Brains Aflame
Out on the Frontier of Neuroscience
with a World-class Researcher

by Tony Daniel


There are whole millennia of human history filled with gibberish spoken about the mind, the soul, the brain, and about what it means to be a conscious person. For science fiction in particular, such speculation seems to be the first and last refuge of the writer with not much to say and it has produced a distinct genre of bellybutton-lint gazing literature over the years. Most of these products (I hesitate to call them books or stories) are about as interesting as having to sit through an inescapable encounter with someone who insists on recounting a particularly random dream to you—that is, they are tales full of logic holes (and therefore not fantasy, which depends on consistent internal logic for the magic to be any fun) and devoid of plausible storylines (and therefore not SF, which lives and breathes plausibility).

In a word, crap.

Which is annoying, because the hard facts about what we know and don’t know about the brain are far more interesting than ungrounded speculation and make far more entertaining stories. What’s more, those facts are getting more interesting almost moment to moment these days.

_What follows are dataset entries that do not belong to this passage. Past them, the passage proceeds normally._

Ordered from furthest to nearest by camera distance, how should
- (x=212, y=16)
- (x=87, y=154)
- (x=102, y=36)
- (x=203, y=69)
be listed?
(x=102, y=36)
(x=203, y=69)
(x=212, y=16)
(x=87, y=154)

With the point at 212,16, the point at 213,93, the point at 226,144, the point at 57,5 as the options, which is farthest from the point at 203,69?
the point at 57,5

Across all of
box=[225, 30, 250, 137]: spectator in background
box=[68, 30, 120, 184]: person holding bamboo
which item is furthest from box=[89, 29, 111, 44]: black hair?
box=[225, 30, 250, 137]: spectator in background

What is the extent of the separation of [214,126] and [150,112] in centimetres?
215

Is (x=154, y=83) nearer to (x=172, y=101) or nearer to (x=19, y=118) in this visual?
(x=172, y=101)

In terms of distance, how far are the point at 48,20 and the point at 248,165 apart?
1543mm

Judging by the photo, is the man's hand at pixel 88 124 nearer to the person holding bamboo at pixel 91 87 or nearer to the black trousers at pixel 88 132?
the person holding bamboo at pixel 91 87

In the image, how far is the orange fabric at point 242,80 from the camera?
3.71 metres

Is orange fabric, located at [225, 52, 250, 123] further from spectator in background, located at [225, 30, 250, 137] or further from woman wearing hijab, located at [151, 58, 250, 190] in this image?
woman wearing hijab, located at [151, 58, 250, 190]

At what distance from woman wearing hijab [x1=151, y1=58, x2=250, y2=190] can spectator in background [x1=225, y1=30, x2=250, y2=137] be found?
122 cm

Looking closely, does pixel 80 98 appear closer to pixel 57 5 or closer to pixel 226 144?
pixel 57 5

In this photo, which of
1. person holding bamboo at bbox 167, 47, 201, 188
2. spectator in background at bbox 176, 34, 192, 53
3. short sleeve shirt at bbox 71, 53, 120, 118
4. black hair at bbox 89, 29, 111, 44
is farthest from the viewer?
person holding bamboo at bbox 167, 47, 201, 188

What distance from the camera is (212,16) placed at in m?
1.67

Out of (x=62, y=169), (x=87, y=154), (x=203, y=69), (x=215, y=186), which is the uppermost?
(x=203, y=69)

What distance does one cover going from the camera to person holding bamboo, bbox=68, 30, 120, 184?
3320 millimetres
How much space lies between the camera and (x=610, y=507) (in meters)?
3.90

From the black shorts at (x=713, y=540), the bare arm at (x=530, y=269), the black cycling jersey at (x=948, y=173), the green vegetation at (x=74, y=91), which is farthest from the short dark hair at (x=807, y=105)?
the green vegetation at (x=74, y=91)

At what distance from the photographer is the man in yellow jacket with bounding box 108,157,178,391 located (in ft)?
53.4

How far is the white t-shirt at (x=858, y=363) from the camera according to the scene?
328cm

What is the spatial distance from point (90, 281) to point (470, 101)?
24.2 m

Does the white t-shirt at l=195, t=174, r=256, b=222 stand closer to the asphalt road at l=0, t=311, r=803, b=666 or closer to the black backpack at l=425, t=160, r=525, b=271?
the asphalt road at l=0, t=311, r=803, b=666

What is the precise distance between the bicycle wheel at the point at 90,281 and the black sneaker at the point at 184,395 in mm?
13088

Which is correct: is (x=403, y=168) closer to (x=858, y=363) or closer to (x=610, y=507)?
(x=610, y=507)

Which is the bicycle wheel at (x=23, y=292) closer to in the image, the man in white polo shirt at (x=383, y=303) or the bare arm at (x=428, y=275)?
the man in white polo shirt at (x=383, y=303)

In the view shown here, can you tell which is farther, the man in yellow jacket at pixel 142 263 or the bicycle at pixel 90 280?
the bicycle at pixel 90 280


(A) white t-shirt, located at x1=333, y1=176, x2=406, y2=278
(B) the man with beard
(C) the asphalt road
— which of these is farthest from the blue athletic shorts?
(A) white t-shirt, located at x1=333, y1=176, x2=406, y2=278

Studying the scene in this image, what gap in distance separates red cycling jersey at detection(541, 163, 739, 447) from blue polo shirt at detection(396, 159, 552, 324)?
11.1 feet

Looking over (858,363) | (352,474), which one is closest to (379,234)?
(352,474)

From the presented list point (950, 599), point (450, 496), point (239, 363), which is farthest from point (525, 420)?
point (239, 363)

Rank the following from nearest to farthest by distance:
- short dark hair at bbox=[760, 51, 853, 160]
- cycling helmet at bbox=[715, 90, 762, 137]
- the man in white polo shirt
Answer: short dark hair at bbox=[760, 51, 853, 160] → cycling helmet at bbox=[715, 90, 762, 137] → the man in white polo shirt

I talked recently with my friend Dr. Michael D. Devous, Sr., a Dallas-based brain scientist who is a powerhouse researcher in neuroimaging and neuro-pharmacology. Mike is an M.D.-and Ph.D.-bearing professor of radiology at the University of Texas Southwestern Medical School in Dallas, where he’s also the Director of the Neuroimaging Core for the Alzheimer’s Disease Center and of the Neuroimaging Core of the North Texas Traumatic Brain Injury Model System. Mike is also an avid science fiction reader and (one of these days!) an aspiring SF writer.

Neuro-imaging, in particular the advances in the functional MRI devices brain scientists use to see inside of brains, has revolutionized what we know about what lies inside our skulls.

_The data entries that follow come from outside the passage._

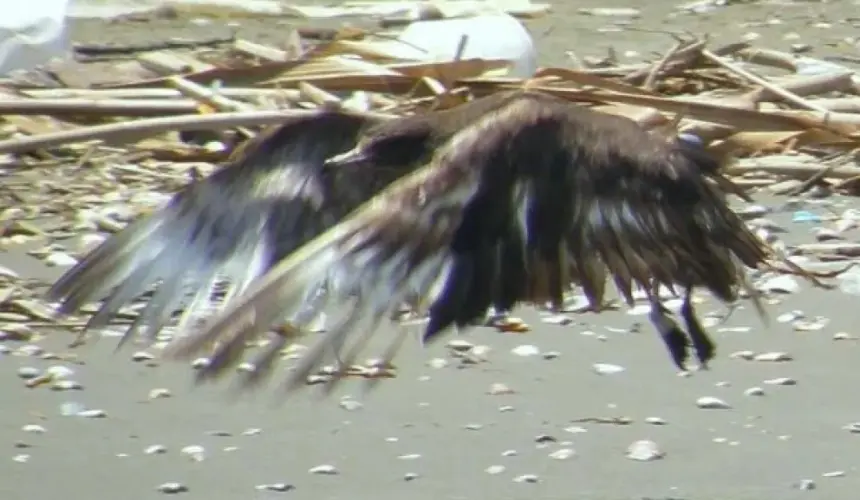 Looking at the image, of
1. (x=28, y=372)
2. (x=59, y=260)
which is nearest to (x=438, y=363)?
(x=28, y=372)

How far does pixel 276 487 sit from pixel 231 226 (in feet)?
1.65

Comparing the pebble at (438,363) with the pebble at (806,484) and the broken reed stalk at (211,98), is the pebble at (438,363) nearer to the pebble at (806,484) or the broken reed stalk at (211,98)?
the pebble at (806,484)

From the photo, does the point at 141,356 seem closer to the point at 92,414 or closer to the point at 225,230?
the point at 92,414

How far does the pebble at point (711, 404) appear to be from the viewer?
4.15 meters

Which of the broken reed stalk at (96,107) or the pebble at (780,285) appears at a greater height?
the broken reed stalk at (96,107)

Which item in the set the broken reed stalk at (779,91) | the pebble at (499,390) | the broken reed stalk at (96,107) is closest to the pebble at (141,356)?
the pebble at (499,390)

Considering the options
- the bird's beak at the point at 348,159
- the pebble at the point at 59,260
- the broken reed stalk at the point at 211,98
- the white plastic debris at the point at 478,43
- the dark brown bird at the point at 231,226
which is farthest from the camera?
the white plastic debris at the point at 478,43

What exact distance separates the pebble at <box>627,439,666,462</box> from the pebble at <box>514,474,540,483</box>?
21 centimetres

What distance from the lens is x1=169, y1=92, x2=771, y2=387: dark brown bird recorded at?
2.89 meters

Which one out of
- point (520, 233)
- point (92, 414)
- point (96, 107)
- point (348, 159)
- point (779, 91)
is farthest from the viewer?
point (779, 91)

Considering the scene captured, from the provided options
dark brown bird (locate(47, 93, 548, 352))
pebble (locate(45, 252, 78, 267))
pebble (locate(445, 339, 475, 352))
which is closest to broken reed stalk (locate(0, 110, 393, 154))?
pebble (locate(45, 252, 78, 267))

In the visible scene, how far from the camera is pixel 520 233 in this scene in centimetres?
318

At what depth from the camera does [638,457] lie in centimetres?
382

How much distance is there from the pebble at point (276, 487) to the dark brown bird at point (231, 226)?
0.36 metres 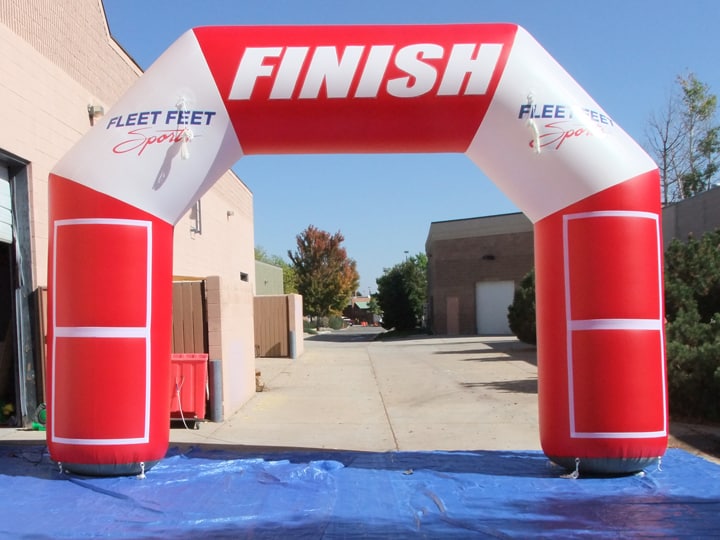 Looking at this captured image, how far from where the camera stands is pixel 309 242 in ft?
178

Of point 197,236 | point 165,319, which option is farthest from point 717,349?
point 197,236

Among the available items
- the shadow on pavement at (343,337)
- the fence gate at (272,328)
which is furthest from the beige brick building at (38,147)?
the shadow on pavement at (343,337)

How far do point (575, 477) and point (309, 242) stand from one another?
4952 cm

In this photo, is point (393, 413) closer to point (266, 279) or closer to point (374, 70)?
point (374, 70)

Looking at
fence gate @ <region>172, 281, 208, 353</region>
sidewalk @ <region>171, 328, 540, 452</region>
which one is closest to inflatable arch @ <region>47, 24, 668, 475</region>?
sidewalk @ <region>171, 328, 540, 452</region>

“The hallmark of brain study ten to fifteen years ago was the autopsy,” Mike says. “Now the functional MRI allows me to view brain structure in exquisite detail while you’re still alive. With an MRI, I can watch you go through an entire perception and the associated memory retrieval, identification and emotions associated with that percept in one picture per millisecond intervals. I can literally play back a movie of your having a perception or an emotion or both.”

What Mike sees are networks.

“The brain is not unitary as we usually think of it. The organization of the brain is regionally dependent and the brain is a network of networks operating in a massively parallel manner. From what I can actually see and prove, we are beings who are organized in a bottom-up manner when it comes to cognition.”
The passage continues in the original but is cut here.